Die beim Landeskriminalamt Niederösterreich meldet nun, dass die eingerichtete Ermittlungsgruppe "Operation Krähe" nach aufwendigen und intensiven Ermittlungen 13 teils vollendete Einbruchsdiebstähle in Geldausgabeautomaten, 11 Kfz-Diebstähle, sowie zahlreiche Geschäftseinbruchsdiebstähle und Kennzeichendiebstähle klären konnte. Zwei Beschuldigte sind festgenommen.

Die weitere Pressemeldung der Polizei Niederösterreich im Wortlaut:

Bereits im März 2019 ereigneten sich in Niederösterreich und Burgenland insgesamt vier versuchte Einbruchsdiebstähle in Geldausgabeautomaten bei Banken und Supermärkten, wobei zu diesem Zeitpunkt durch die ermittelnden Polizeibediensteten weder ein örtlicher noch zeitlicher Zusammenhang zwischen den einzelnen Taten hergestellt werden konnte. Sie stellten zu diesem Zeitpunkt lediglich fest, dass bei diesen Tatorten noch vor der Vollendung des Einbruchsdiebstahls die Bereiche des engeren Tatortes mittels Brandbeschleuniger in Brand gesteckt worden waren.

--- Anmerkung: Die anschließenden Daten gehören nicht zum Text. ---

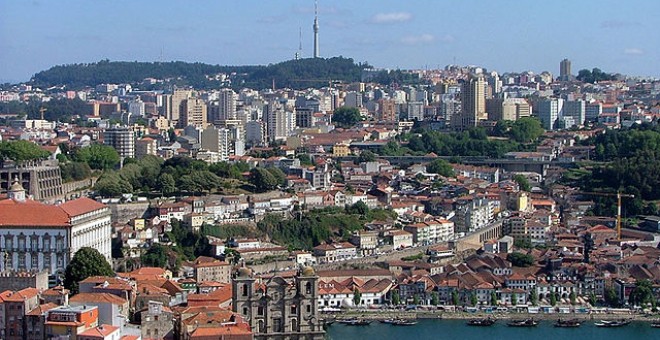 Vila Nova de Gaia /WIKIPEDIA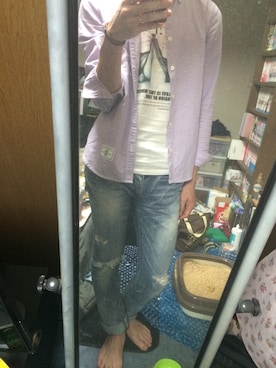 テケっつぁんさんのコーディネート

Fünfstellige Bargeldsumme aus Geldautomat erbeutet

Am 11. April 2019, gegen 03.10 Uhr, kam es erneut zu einem Einbruchsdiebstahl in einen Geldausgabeautomaten im Foyer-Bereich einer Supermarkt-Filiale in Guntramsdorf, Bezirk Mödling. Bei diesem Angriff wurde die Tat vollendet und die Täterschaft konnte eine fünfstellige Bargeldsumme erbeuten. Nach Beendigung des Angriffes wurde der komplette Tatortbereich durch die Täter neuerlich in Brand gesteckt.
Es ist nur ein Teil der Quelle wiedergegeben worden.